***** Provided records

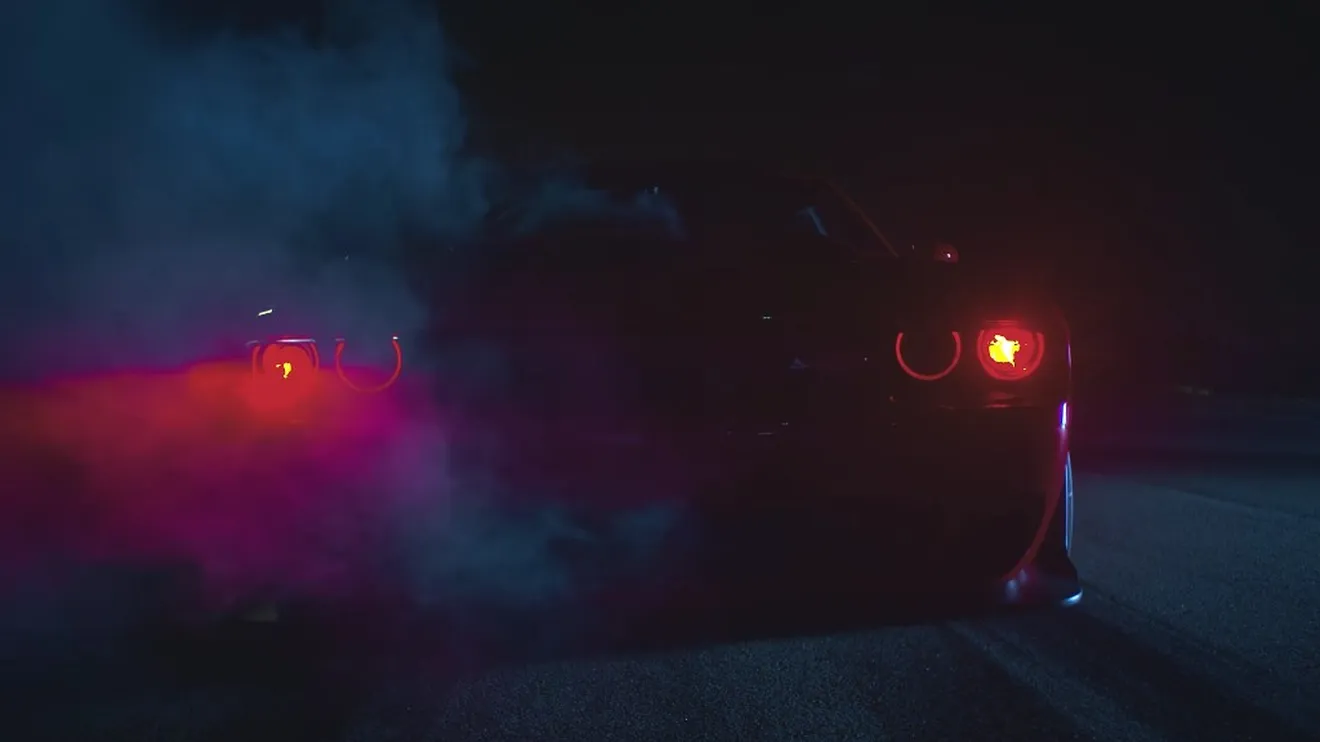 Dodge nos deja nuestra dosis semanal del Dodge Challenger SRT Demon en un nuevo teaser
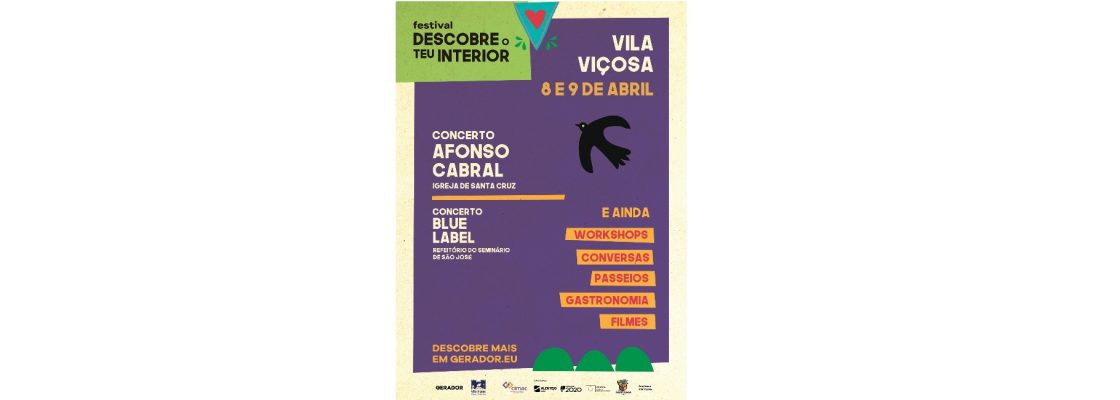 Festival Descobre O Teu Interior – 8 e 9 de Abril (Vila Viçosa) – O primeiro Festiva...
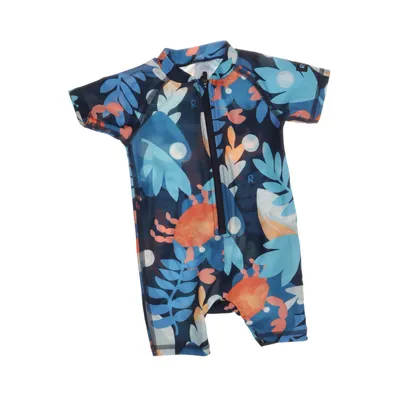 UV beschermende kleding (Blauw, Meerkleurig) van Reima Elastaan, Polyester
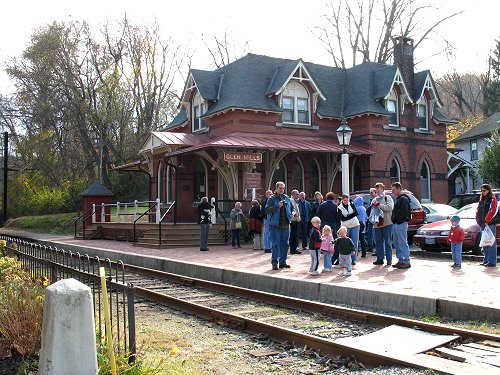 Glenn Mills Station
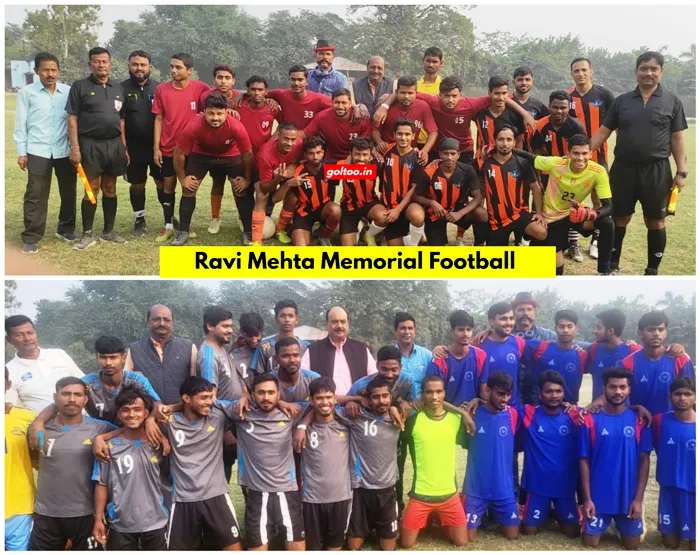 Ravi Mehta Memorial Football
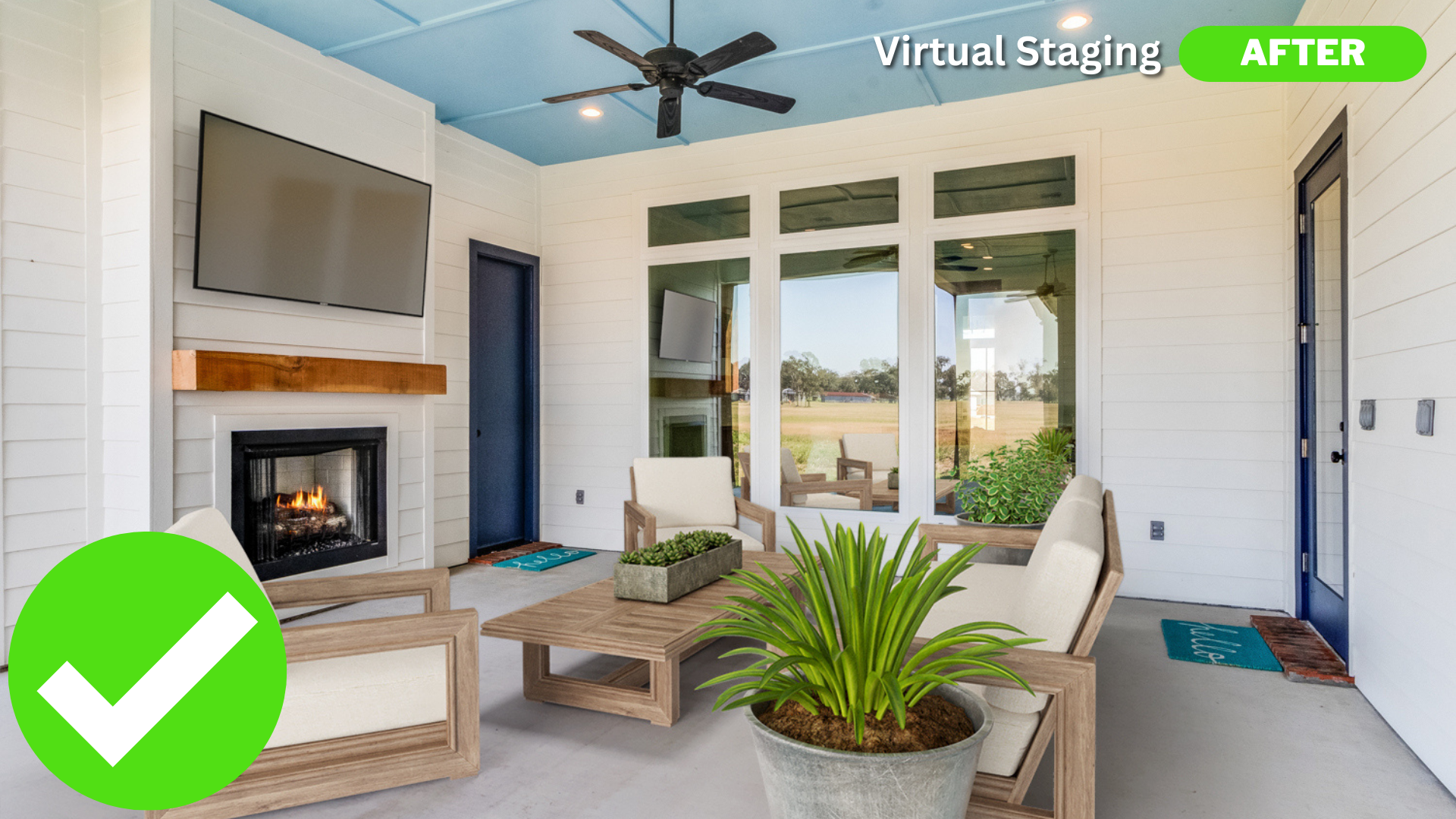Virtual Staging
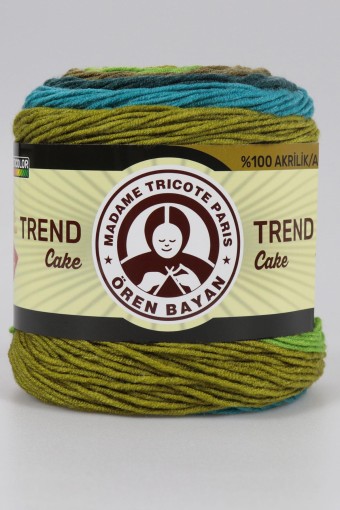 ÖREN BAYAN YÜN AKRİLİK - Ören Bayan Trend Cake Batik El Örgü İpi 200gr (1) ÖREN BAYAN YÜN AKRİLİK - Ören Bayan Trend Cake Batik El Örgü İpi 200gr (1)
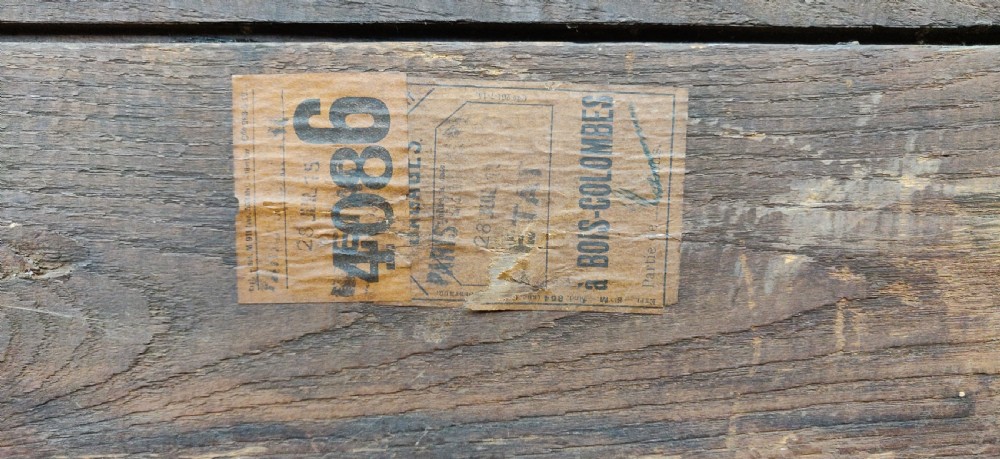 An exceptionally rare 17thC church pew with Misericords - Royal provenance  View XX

**********

● Work item
Repeat the material above word for word, please, apart from its images.

● Result for this task
 Dodge nos deja nuestra dosis semanal del Dodge Challenger SRT Demon en un nuevo teaser
 Festival Descobre O Teu Interior – 8 e 9 de Abril (Vila Viçosa) – O primeiro Festiva...
 UV beschermende kleding (Blauw, Meerkleurig) van Reima Elastaan, Polyester
 Glenn Mills Station
 Ravi Mehta Memorial Football
Virtual Staging
 ÖREN BAYAN YÜN AKRİLİK - Ören Bayan Trend Cake Batik El Örgü İpi 200gr (1) ÖREN BAYAN YÜN AKRİLİK - Ören Bayan Trend Cake Batik El Örgü İpi 200gr (1)
 An exceptionally rare 17thC church pew with Misericords - Royal provenance  View XX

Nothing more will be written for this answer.